WORK ORDER:
Retype, word for word, each line between the lines holding "IONIA, Klazomenai. Circa" and "Poster Abstract virtual", inclusive, and leave the rest of the data alone.

RECORDED INFORMATION:

=== Section Start ===

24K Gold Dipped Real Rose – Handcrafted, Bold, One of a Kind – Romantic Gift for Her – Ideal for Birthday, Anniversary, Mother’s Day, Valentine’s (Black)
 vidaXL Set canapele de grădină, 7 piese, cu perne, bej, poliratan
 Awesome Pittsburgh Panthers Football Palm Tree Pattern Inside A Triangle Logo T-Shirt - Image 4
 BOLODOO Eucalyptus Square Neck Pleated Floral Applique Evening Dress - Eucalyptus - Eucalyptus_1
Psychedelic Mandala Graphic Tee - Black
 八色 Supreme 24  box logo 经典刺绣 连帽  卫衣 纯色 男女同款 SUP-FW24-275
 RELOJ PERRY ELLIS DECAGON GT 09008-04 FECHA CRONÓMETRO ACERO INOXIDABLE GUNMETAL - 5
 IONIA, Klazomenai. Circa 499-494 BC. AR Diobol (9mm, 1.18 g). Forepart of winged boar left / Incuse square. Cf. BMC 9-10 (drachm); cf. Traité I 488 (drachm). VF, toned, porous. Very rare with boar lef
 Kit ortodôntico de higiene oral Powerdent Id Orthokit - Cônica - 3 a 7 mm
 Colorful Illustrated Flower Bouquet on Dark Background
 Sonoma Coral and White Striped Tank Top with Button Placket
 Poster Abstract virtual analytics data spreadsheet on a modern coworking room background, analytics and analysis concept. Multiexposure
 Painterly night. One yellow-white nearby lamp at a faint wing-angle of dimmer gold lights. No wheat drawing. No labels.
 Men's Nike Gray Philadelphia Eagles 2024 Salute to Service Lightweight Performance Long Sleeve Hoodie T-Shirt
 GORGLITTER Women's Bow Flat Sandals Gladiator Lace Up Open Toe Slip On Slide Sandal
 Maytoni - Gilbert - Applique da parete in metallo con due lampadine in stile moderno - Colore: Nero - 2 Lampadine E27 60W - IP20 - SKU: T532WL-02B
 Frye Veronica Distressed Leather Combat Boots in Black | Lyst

=== Section End ===

OUTPUT BELOW:
 IONIA, Klazomenai. Circa 499-494 BC. AR Diobol (9mm, 1.18 g). Forepart of winged boar left / Incuse square. Cf. BMC 9-10 (drachm); cf. Traité I 488 (drachm). VF, toned, porous. Very rare with boar lef
 Kit ortodôntico de higiene oral Powerdent Id Orthokit - Cônica - 3 a 7 mm
 Colorful Illustrated Flower Bouquet on Dark Background
 Sonoma Coral and White Striped Tank Top with Button Placket
 Poster Abstract virtual analytics data spreadsheet on a modern coworking room background, analytics and analysis concept. Multiexposure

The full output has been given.